The difficult to believe encompasses those things which we, from our own cultural standpoint, find hard to think true. For example, that the church might grow more rapidly in an area where there are some Western missionaries, but not many. Or that an Islamic terrorist might renounce violence and follow Christ. Or that Jesus might be worshiped in a mosque. Things that are difficult to believe aren’t improbable–given the huge numbers of mosques in the world, and the vast missionary “edge” between Christianity and Islam, it’s likely that a Jesus mosque or two–or 200, or whatever–would develop. It’s only that it’s hard for us to conceptualize such a thing.
The stupendously improbable are those things which are statistically unlikely–things we automatically characterize as “impossible,” or perhaps never even think of because of how improbable they are.

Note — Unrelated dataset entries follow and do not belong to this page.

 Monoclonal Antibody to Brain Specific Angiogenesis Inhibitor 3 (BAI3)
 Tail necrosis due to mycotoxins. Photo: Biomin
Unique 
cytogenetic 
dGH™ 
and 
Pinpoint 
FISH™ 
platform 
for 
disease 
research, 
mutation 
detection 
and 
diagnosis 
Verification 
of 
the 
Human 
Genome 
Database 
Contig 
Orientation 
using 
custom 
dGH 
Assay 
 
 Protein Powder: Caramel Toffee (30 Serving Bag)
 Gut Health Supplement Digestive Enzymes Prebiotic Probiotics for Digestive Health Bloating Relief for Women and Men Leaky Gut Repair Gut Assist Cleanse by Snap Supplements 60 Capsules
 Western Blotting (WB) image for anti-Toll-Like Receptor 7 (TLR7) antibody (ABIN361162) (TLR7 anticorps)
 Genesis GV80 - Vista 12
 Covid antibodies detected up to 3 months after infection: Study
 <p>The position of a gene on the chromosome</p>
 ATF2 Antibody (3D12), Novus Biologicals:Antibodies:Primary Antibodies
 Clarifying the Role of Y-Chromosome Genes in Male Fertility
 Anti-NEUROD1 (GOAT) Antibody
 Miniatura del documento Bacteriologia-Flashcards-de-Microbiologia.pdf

Like a member of an Islamic royal household coming to faith in Christ. Or putting a million Bibles into China.
Then, finally we have the miraculous. The primary difference between the difficult-to-believe, the stupendously-improbable, and the miraculous, is this–
–the miraculous, apart from God, is impossible.
Not just improbable. Not just hard. But absolutely, positively, impossible.
Like resurrection. Or Jesus appearing to someone in a vision.
If you want to get to the truly miraculous–not just, “Oh, it was so easy to get to work today, it must have been God”–then you have to get beyond the difficult to believe and the stupendously improbable. You have to get into those situations where, if God doesn’t intervene, nothing happens at all.
What’s interesting is that the further along this line you get, the less challenging the lesser places are. When you deal in the stupendously improbable, the difficult becomes less difficult. And when you’ve seen a miracle–the odds of the stupendously improbable just seem a little better.